Vom schweren Stand der Typenkomik im Tonfilm zeugt auch die so kurze wie brillante Filmkarriere der Marx-Brothers. Ihre erfolgreiche Vaudeville-Dramaturgie wurde erst durch den Tonfilm richtig filmfähig. Sie beruhte auf dem Kontrast zwischen Harpos stummem Spiel, Grouchos halsbrecherischer, mit seinen körperlichen Verrenkungen wetteifernder Sprachakrobatik und Chicos mit der Sprache hadernden Figur des Italian-American. Die unwiderstehliche Anarchie ihrer Nummern wurde von Hollywood spätestens ab A Night at the Opera (1935) hoffnungslos domestiziert. Die fast chaotische Abfolge von Einzelnummern ihrer frühen Filme hatte hier einer einigermassen soliden Dramaturgie Platz gemacht, und doch spürte man in vielem noch die Urgewalt ihrer überbordenden Fantasie.

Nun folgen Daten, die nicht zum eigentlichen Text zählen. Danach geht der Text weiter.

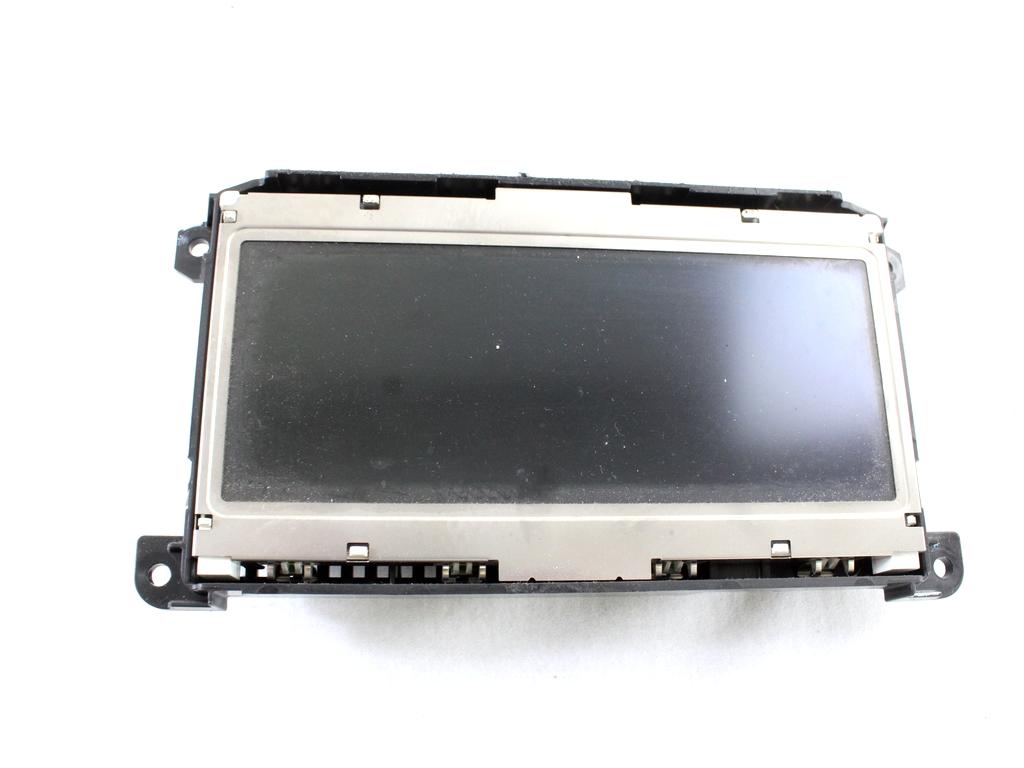 NAVIGCIJA  OEM N. 8T0919603B ORIGINAL REZERVNI DEL AUDI A4 B8 8K2 BER/SW/CABRIO (2007 - 11/2015) DIESEL LETNIK 2009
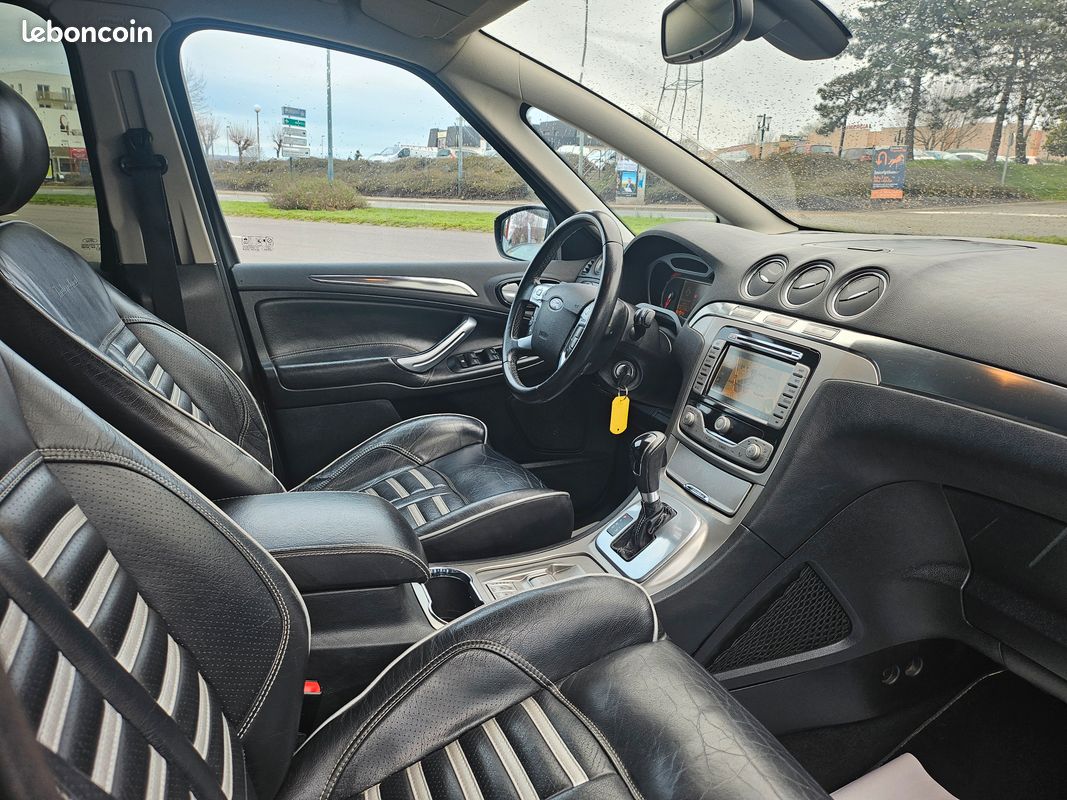 FORD S-Max 2.0 TDCi 140 cv Boîte auto (image 3)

Die Marx-Brothers zeigten – ebenso wie das bewährte Komikerduo Laurel&Hardy – noch bis gegen Ende der 1930er-Jahre, dass Typenkomik und Tonfilm sich nicht per se ausschliessen müssen. Auch später haben sie vereinzelt Nachfolger wie Jerry Lewis oder Jacques Tati gefunden, die gegen den Trend die grosse Tradition der Filmclowns weiterführten.
Ein den Komiker:innen gewidmetes Programm beschert uns die Begegnung mit einer Form des Kinos, die nichts von ihrer mitreissenden Verve verloren hat. Viel Vergnügen!

 

Martin Girod, studierter Theaterwissenschaftler, ist Programmkurator und Filmjournalist. Er war über viele Jahre Kinoleiter des Camera und Atelier Basel, Redaktor des Branchenblatts Ciné-Bulletin und Co-Leiter des Filmpodium in Zürich.